Below are entries; copy exactly the lines from the one with "Legging Seamfree SMI1384 sin" through the one with "Tejido transpirable y", both included, and leave out the rest.

START Data for processing

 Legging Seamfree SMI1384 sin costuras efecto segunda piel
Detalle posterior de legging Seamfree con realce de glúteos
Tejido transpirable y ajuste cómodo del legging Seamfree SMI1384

END Data for processing
START Data for processing

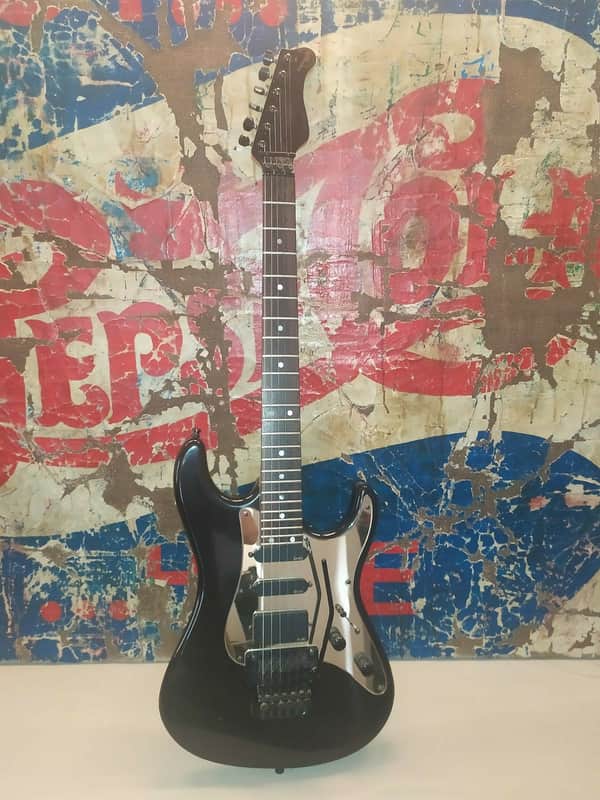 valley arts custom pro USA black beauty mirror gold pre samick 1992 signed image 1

END Data for processing

Solution to this task
 Legging Seamfree SMI1384 sin costuras efecto segunda piel
Detalle posterior de legging Seamfree con realce de glúteos
Tejido transpirable y ajuste cómodo del legging Seamfree SMI1384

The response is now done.